*WHAT THE EXERCISE ASKS:* Output all entries below exactly as they are given.

Saved data entries
※
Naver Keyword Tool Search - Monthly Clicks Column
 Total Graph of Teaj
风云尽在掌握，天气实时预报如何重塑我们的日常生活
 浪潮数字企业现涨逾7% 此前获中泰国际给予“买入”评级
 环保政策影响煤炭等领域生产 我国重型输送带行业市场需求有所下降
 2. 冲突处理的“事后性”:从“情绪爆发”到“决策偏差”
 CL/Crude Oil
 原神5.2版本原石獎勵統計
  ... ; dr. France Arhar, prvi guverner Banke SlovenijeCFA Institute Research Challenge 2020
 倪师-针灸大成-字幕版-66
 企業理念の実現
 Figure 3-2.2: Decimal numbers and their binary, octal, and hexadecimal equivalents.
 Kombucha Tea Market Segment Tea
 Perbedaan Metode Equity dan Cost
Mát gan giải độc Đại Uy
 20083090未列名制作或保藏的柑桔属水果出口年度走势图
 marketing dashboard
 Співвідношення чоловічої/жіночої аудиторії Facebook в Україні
※
*SOLUTION BELOW:*
Naver Keyword Tool Search - Monthly Clicks Column
 Total Graph of Teaj
风云尽在掌握，天气实时预报如何重塑我们的日常生活
 浪潮数字企业现涨逾7% 此前获中泰国际给予“买入”评级
 环保政策影响煤炭等领域生产 我国重型输送带行业市场需求有所下降
 2. 冲突处理的“事后性”:从“情绪爆发”到“决策偏差”
 CL/Crude Oil
 原神5.2版本原石獎勵統計
  ... ; dr. France Arhar, prvi guverner Banke SlovenijeCFA Institute Research Challenge 2020
 倪师-针灸大成-字幕版-66
 企業理念の実現
 Figure 3-2.2: Decimal numbers and their binary, octal, and hexadecimal equivalents.
 Kombucha Tea Market Segment Tea
 Perbedaan Metode Equity dan Cost
Mát gan giải độc Đại Uy
 20083090未列名制作或保藏的柑桔属水果出口年度走势图
 marketing dashboard
 Співвідношення чоловічої/жіночої аудиторії Facebook в Україні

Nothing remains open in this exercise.